Lightweight Implicit Neural Network for Binaural Audio Synthesis
Xikun Lu, Fang Liu, Weizhi Shi, Jinqiu Sang
TL;DR
This paper tackles edge-device binaural audio synthesis by introducing Lite-INN, a lightweight two-stage framework that combines Time-Domain Warping (TDW) with an Implicit Binaural Corrector (IBC) to refine spectral details. The IBC expresses spectral corrections as a continuous function over spatio-temporal-frequency coordinates, using a compact MLP to predict a complex gain $G(t,f)$ that modulates STFT magnitudes and phases. Empirical results show Lite-INN achieves perceptual quality comparable to WaveNet while dramatically reducing parameters and compute relative to state-of-the-art baselines, enabling real-time, high-fidelity spatial audio on constrained devices.
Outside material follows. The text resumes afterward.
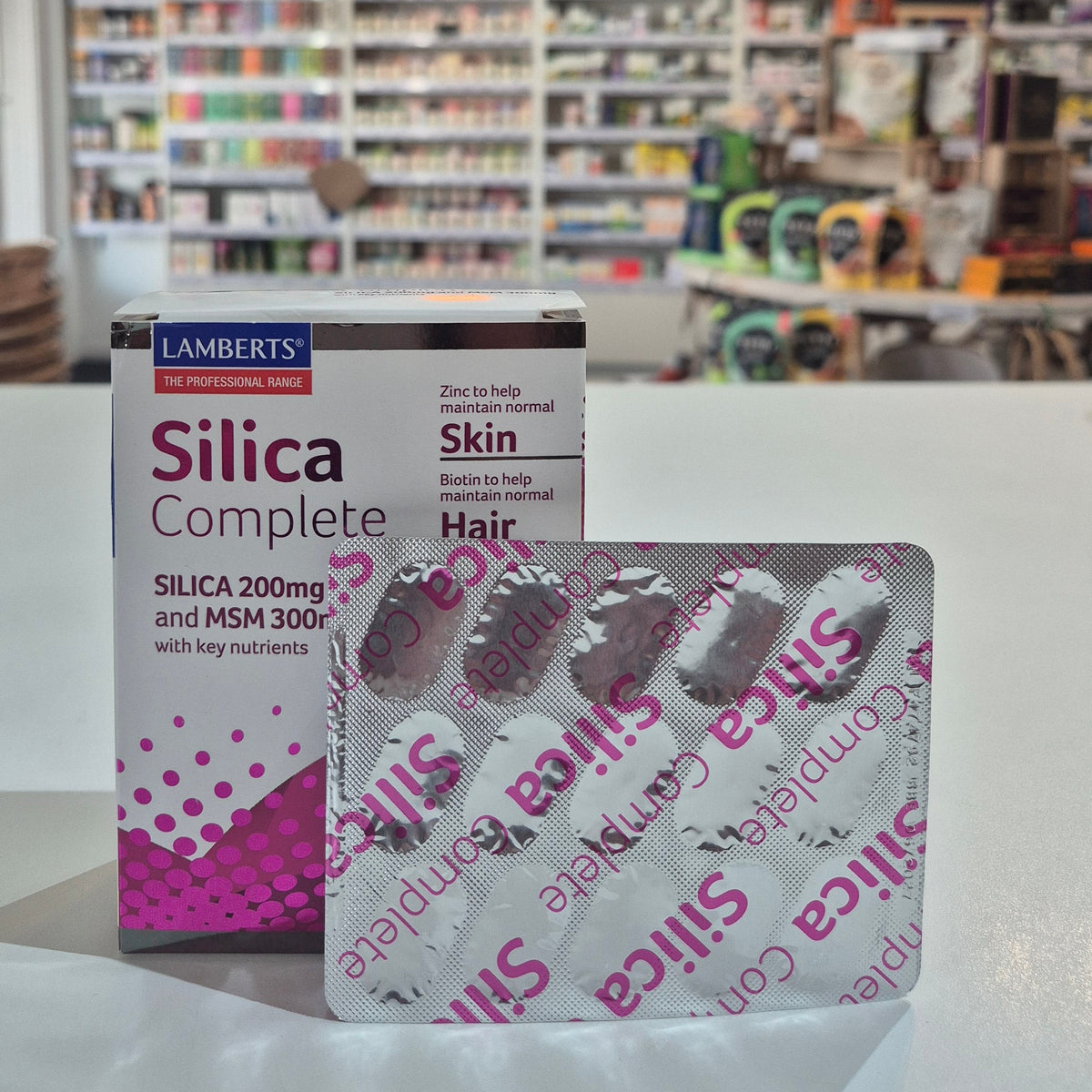 Silica supplement boxes in a store setting with shelves and products in the background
The approach highlights the viability of implicit neural representations for efficient, high-quality binaural synthesis and offers practical benefits for edge-device audio applications.
Abstract
High-fidelity binaural audio synthesis is crucial for immersive listening, but existing methods require extensive computational resources, limiting their edge-device application. To address this, we propose the Lightweight Implicit Neural Network (Lite-INN), a novel two-stage framework. Lite-INN first generates initial estimates using a time-domain warping, which is then refined by an Implicit Binaural Corrector (IBC) module. IBC is an implicit neural network that predicts amplitude and phase corrections directly, resulting in a highly compact model architecture. Experimental results show that Lite-INN achieves statistically comparable perceptual quality to the best-performing baseline model while significantly improving computational efficiency. Compared to the previous state-of-the-art method (NFS), Lite-INN achieves a 72.7% reduction in parameters and requires significantly fewer compute operations (MACs). This demonstrates that our approach effectively addresses the trade-off between synthesis quality and computational efficiency, providing a new solution for high-fidelity edge-device spatial audio applications.